How Does Label Noise Affect the Learning Curves of Graph Neural Networks?
I. Markov (TU Delft - Electrical Engineering, Mathematics and Computer Science)
E. Isufi – Mentor (TU Delft - Electrical Engineering, Mathematics and Computer Science)
C. Liu – Mentor (TU Delft - Electrical Engineering, Mathematics and Computer Science)
M.S. Jebali – Mentor (TU Delft - Electrical Engineering, Mathematics and Computer Science)
T.J. Viering – Graduation committee member (TU Delft - Electrical Engineering, Mathematics and Computer Science)
More Info
expand_more
Other than for strictly personal use, it is not permitted to download, forward or distribute the text or part of it, without the consent of the author(s) and/or copyright holder(s), unless the work is under an open content license such as Creative Commons.
Abstract
Graph Neural Networks (GNNs) achieve strong performance on node classification tasks, but their effectiveness often depends on the quality of the supervision, and real-world labels are often noisy. Learning curves—which describe how test performance scales with the number of labelled training nodes—have been extensively studied in classical machine learning, but their behaviour under realistic annotation noise in GNNs remains poorly explored.
We present a systematic empirical study of how three label noise protocols—symmetric random flipping, feature-dependent asymmetric flipping, and structure-dependent flipping—affect the learning curve shape of ChebNet across four benchmark graphs spanning homophilic and heterophilic structure, at noise rates η ∈ {0.1, 0.3, 0.5}.

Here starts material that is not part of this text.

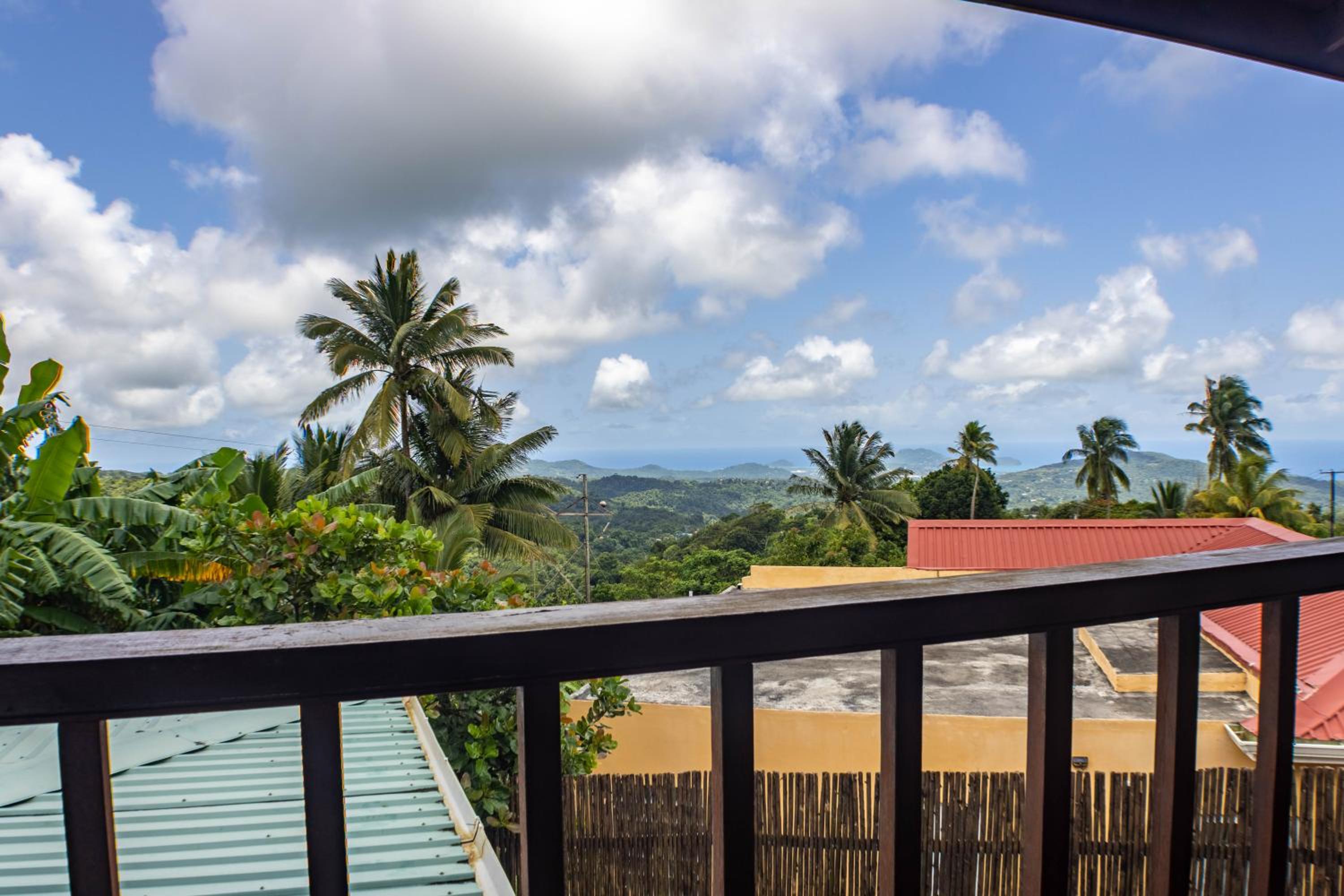 Montete Hilltop Cottage with Stunning Panoramic Views view 2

The central finding is that noise does not simply shift the learning curve downward: above a moderate noise rate it reduces the effective slope, so the gap between clean and noisy performance widens as the label budget grows. Feature-dependent asymmetric noise is consistently the most harmful protocol across all datasets and budgets for η ≥ 0.3, while structure-dependent noise is the least harmful on homophilic graphs. On graphs where the model already operates near its performance limit, noise type has little practical effect.
These findings suggest that beyond a moderate noise rate, cleaning existing labels yields greater returns than acquiring more noisy ones, and that the nature of annotation error interacts with graph structure in ways that single-budget evaluations cannot detect.